» **Exercise objective**
Pictures aside, copy exactly each line from the one that holds "For Chevrolet Silverado" through the last line of the records below.

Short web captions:
# # #

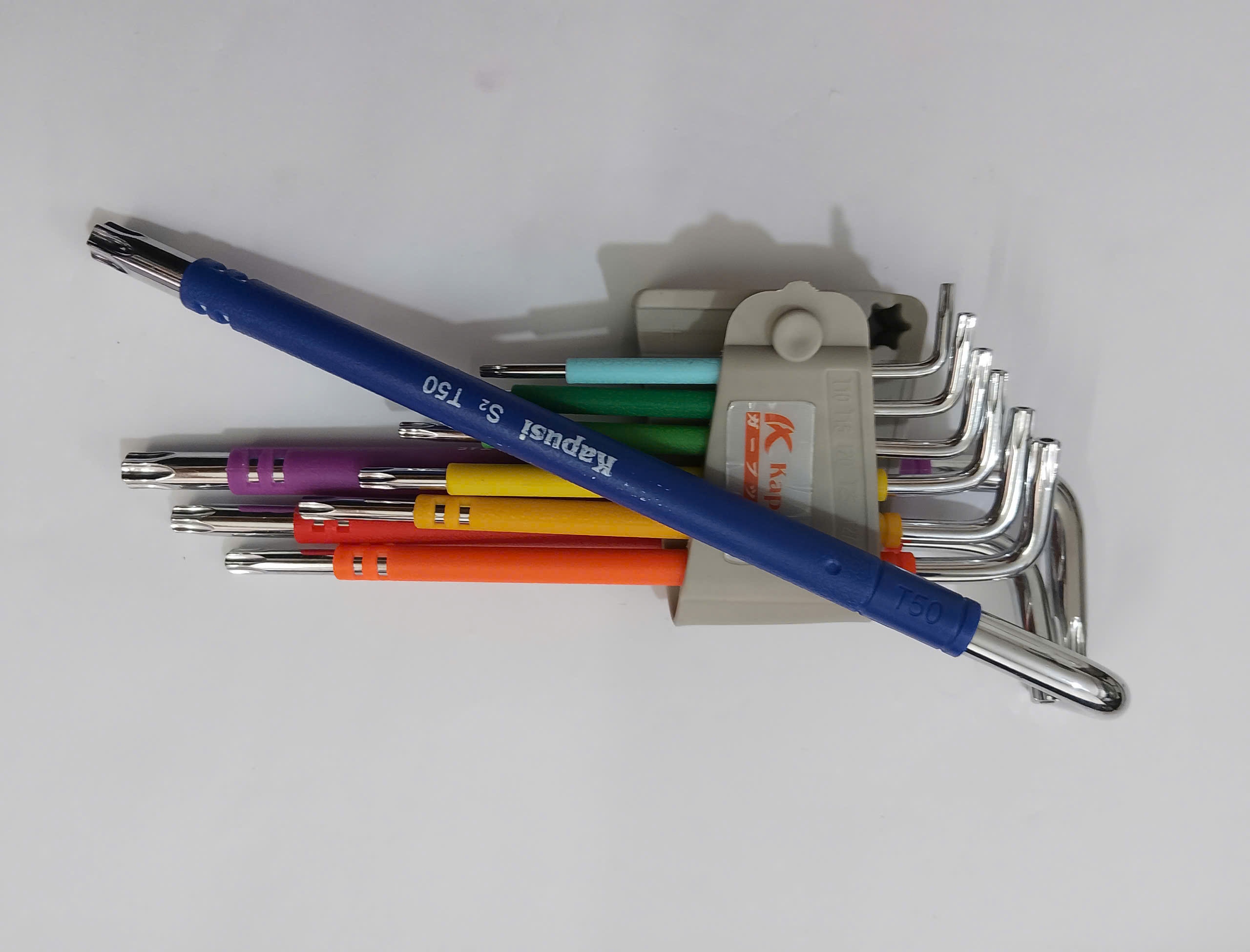 Hình ảnh 18 của mặt hàng Bộ lục giác hoa thị 7 màu Kapusi K-0198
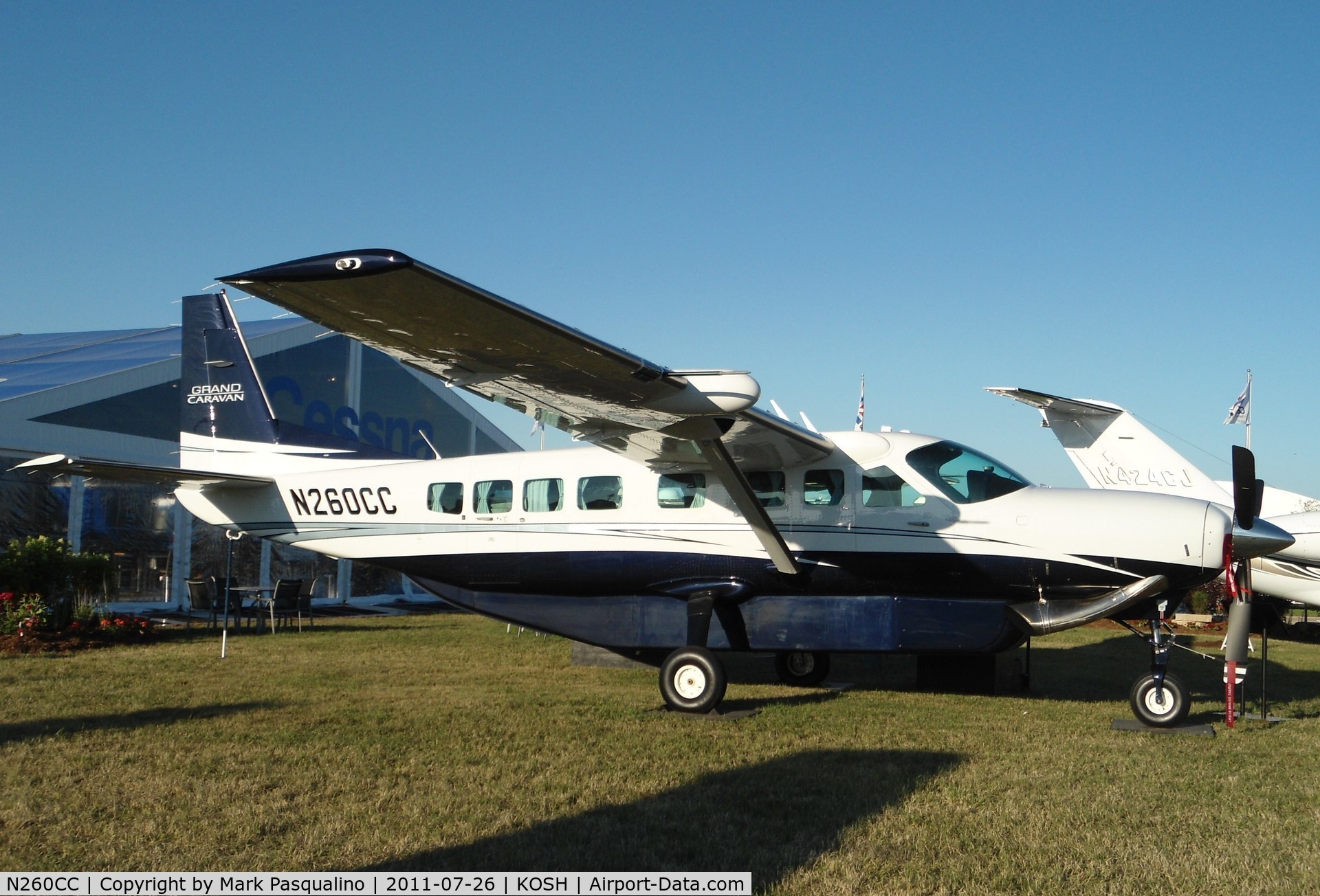 N260CC, 2011 Cessna 208B Grand Caravan C/N 208B2260, Cessna 208B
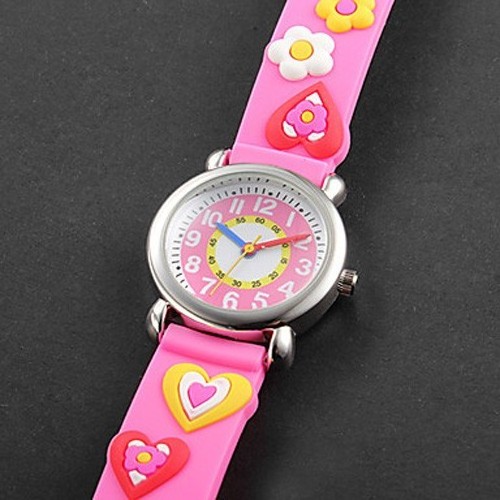 Gift Wrist Watch Baby Children Watch Hearts Waterproof Kid Watches for Girls Boys Fashion Casual Reloj Brand Quartz Silicone OEM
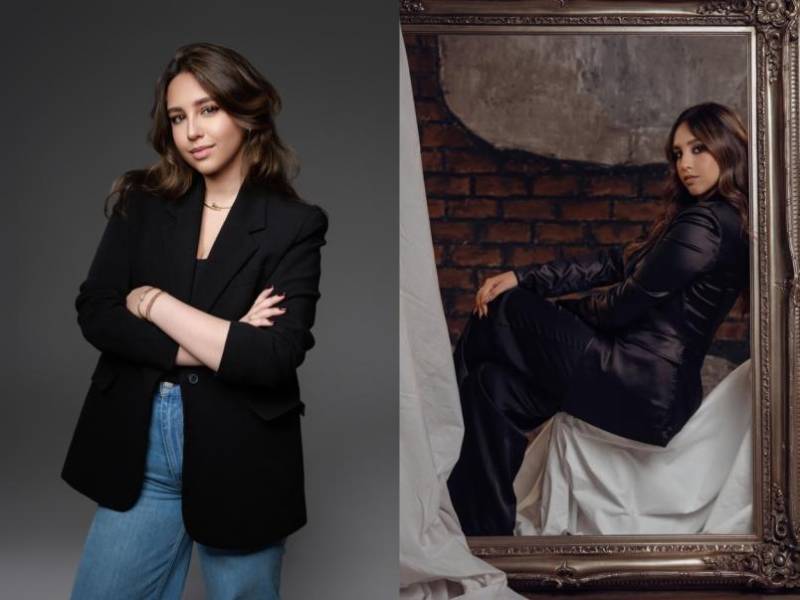 Katherine Celeste Fajardo tiene un gusto apasionado por la moda, en su red social se aprecia su versatilidad y distinción.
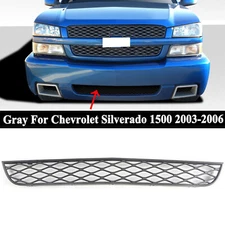 For Chevrolet Silverado 1500 SS LS 2003 2004 2005 2006 Front Bumper Lower Grille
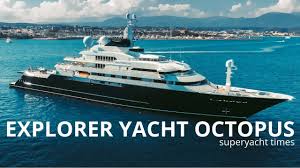 Another day, another reason that we must simply eat the rich. Octopus World S Largest Explorer Yacht For Sale Youtube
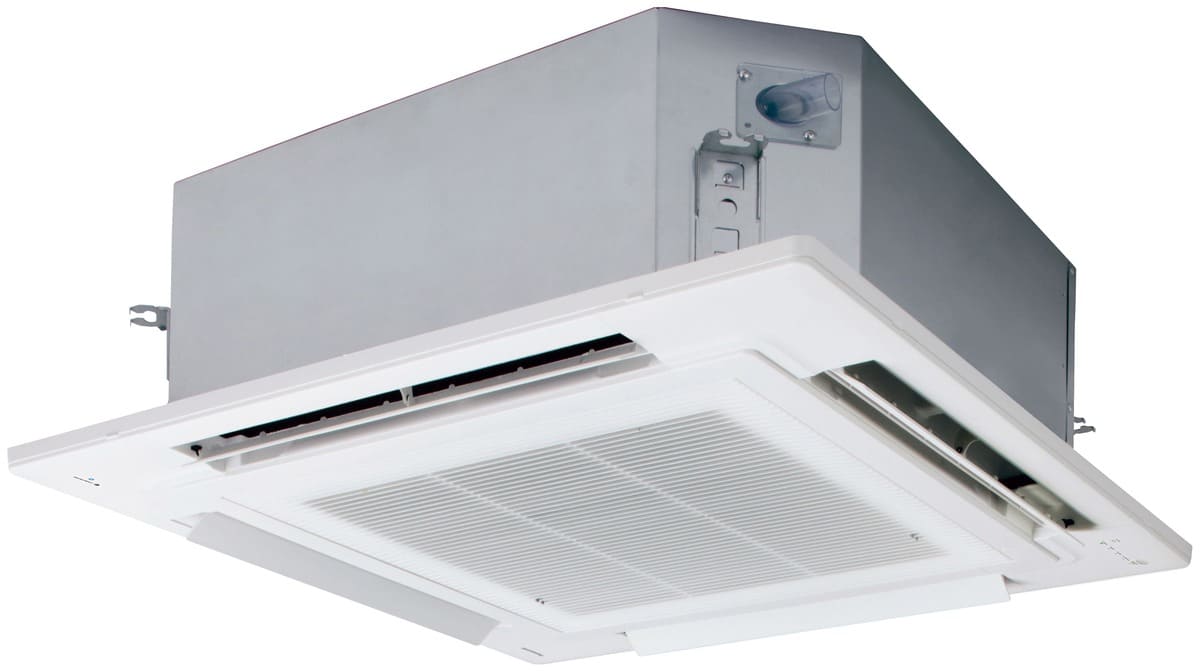 Кассетный инверторный кондиционер Panasonic S-50PU2E5B серия PACi кассетные 4-х поточные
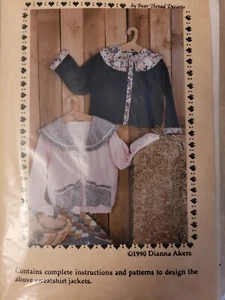 Sewing Patterns For country womens jacket 1990 - Picture 1 of 2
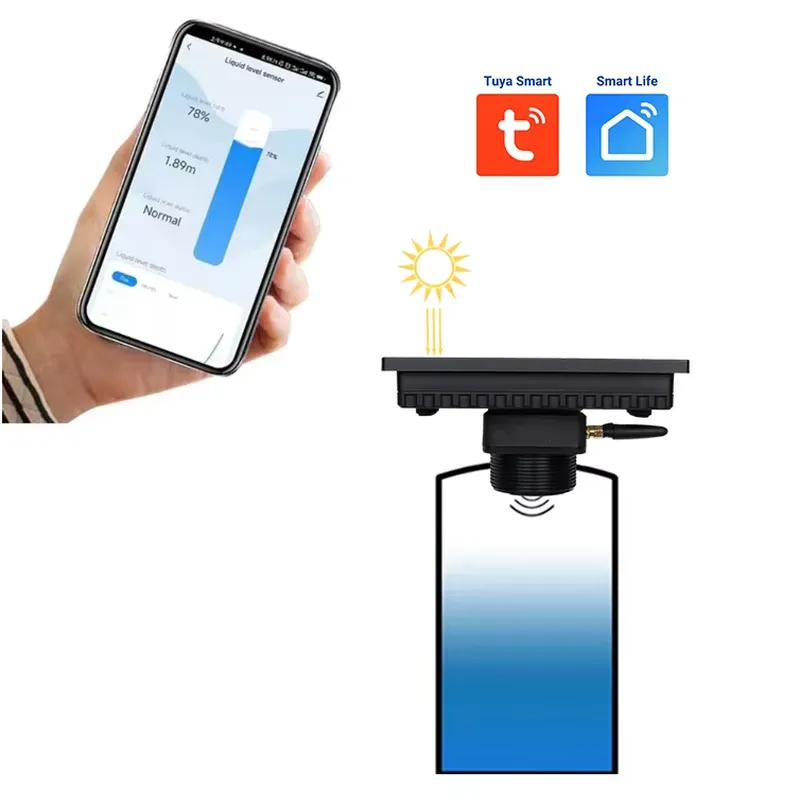 EE1 per Tuya TLC2502-WF-S Sens - Solar Panel recensione e prezzo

# # #

» **Solution for this task**
 For Chevrolet Silverado 1500 SS LS 2003 2004 2005 2006 Front Bumper Lower Grille
 Another day, another reason that we must simply eat the rich. Octopus World S Largest Explorer Yacht For Sale Youtube
 Кассетный инверторный кондиционер Panasonic S-50PU2E5B серия PACi кассетные 4-х поточные
 Sewing Patterns For country womens jacket 1990 - Picture 1 of 2
 EE1 per Tuya TLC2502-WF-S Sens - Solar Panel recensione e prezzo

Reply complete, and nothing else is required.